[Items from a data source]
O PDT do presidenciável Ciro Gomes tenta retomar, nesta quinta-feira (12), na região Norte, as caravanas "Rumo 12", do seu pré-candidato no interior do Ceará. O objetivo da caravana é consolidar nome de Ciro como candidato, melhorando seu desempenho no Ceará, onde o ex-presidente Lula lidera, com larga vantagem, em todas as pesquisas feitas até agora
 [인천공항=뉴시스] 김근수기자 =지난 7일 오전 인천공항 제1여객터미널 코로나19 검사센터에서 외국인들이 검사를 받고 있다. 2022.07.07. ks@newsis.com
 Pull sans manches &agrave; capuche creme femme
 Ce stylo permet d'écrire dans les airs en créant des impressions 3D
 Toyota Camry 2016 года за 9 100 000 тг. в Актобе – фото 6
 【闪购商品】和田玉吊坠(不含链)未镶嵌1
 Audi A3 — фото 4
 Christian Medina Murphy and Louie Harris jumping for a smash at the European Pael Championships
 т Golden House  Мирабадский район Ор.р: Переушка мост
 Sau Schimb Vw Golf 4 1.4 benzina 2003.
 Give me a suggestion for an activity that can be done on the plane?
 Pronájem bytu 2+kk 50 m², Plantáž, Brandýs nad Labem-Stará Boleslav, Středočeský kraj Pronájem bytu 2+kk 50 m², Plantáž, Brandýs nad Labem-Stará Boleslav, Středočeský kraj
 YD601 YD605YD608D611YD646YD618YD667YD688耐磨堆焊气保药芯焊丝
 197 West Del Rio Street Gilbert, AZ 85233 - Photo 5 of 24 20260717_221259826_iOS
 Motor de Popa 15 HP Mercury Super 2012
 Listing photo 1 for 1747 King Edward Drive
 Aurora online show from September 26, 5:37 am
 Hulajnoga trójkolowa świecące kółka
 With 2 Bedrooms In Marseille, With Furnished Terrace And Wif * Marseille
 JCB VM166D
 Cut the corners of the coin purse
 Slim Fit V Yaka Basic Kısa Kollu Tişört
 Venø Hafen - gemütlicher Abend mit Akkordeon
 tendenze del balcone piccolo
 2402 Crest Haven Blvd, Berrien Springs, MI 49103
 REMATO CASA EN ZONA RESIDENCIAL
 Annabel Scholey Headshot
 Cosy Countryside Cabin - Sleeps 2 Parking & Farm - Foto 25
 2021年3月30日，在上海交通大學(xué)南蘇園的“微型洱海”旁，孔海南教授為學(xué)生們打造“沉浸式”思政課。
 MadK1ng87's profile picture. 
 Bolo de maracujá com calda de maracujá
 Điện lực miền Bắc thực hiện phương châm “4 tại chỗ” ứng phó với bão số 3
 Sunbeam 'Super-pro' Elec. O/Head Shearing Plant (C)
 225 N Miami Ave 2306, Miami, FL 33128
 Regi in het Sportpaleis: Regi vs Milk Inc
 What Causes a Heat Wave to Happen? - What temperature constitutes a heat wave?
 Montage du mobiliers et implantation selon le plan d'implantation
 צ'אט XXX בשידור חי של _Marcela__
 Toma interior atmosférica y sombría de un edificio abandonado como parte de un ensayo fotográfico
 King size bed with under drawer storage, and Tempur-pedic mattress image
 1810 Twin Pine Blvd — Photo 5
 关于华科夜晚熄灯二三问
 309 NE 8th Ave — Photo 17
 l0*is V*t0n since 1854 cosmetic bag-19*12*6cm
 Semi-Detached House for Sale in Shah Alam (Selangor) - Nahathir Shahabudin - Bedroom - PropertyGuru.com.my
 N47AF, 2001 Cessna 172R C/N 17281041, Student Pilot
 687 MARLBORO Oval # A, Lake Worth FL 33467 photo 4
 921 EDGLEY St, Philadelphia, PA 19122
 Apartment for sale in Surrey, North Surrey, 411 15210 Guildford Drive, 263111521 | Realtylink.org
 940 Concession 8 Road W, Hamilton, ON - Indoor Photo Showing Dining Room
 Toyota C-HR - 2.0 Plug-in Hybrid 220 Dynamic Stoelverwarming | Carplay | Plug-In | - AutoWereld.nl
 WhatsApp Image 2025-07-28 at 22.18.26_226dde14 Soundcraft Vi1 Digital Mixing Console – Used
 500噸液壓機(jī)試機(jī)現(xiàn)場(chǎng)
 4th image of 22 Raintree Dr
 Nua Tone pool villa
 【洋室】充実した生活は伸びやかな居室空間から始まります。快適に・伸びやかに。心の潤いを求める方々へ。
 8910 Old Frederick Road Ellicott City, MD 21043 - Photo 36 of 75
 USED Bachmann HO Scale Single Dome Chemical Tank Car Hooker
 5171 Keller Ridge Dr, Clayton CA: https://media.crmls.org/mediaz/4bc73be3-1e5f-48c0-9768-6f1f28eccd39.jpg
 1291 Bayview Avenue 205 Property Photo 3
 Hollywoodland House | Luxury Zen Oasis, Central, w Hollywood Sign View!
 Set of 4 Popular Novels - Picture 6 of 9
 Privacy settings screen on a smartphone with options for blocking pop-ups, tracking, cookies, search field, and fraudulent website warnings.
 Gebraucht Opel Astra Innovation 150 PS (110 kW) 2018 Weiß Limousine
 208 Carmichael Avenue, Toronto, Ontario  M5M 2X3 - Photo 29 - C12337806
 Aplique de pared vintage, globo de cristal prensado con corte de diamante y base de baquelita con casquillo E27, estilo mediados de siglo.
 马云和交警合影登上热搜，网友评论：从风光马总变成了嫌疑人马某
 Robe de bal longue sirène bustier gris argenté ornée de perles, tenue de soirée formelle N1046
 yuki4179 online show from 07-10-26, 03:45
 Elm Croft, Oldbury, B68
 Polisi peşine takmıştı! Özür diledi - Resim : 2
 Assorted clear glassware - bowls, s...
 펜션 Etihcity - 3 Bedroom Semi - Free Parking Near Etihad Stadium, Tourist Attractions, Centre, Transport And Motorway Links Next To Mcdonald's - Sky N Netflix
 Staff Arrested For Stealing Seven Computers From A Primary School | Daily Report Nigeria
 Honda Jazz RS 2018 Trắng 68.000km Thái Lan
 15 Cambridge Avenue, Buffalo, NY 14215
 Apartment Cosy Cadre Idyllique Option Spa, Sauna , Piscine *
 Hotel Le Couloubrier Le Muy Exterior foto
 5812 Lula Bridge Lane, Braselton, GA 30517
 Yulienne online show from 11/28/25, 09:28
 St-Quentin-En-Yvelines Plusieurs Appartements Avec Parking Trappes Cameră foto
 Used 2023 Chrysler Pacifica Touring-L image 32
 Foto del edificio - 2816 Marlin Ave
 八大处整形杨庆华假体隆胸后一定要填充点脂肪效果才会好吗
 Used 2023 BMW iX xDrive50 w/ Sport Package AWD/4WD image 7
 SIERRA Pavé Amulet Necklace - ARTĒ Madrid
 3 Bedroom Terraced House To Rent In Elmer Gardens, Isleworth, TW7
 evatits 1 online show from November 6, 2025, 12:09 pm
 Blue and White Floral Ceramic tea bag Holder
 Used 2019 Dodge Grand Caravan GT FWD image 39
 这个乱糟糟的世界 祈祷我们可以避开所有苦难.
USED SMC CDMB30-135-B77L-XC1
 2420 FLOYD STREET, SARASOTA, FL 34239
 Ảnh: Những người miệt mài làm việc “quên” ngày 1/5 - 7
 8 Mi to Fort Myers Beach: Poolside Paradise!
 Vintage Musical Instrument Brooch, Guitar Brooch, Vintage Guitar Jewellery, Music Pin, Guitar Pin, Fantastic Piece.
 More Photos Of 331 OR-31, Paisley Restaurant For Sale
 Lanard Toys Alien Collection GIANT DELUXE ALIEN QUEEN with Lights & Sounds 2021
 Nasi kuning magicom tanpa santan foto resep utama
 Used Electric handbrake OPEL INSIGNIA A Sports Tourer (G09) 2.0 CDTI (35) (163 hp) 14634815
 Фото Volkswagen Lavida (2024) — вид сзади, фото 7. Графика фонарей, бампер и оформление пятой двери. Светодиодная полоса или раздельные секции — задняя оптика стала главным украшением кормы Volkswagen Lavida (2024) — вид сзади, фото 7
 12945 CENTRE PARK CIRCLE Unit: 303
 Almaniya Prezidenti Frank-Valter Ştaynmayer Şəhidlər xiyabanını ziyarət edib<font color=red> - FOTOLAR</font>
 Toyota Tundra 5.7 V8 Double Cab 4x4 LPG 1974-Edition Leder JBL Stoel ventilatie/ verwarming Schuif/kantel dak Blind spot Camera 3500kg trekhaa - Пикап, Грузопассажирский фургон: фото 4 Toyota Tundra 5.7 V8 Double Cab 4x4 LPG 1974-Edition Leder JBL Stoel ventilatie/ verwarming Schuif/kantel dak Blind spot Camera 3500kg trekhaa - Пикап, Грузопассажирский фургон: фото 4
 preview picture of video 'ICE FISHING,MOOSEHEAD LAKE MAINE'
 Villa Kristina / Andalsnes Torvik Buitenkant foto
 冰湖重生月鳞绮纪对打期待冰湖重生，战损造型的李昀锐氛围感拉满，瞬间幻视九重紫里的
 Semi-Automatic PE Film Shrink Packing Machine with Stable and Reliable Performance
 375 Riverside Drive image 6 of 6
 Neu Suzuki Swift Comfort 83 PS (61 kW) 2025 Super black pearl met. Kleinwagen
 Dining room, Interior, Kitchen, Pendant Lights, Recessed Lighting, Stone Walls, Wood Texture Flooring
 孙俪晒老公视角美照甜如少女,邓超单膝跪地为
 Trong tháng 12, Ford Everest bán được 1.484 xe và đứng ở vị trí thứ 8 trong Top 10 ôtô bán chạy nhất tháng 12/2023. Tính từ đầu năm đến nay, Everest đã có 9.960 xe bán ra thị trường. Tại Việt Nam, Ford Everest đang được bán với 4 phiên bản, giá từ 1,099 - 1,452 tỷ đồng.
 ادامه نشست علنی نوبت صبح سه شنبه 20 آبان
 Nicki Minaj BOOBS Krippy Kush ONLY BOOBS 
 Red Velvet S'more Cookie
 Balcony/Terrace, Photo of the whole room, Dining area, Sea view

■ What is being asked ■
Exact duplication is required for the lines above, from the line that contains "펜션 Etihcity - 3" to the line that contains "Honda Jazz RS 2018 Trắng 68.000km Thái Lan", inclusive; omit all others.

■ Result of this exercise ■
 펜션 Etihcity - 3 Bedroom Semi - Free Parking Near Etihad Stadium, Tourist Attractions, Centre, Transport And Motorway Links Next To Mcdonald's - Sky N Netflix
 Staff Arrested For Stealing Seven Computers From A Primary School | Daily Report Nigeria
 Honda Jazz RS 2018 Trắng 68.000km Thái Lan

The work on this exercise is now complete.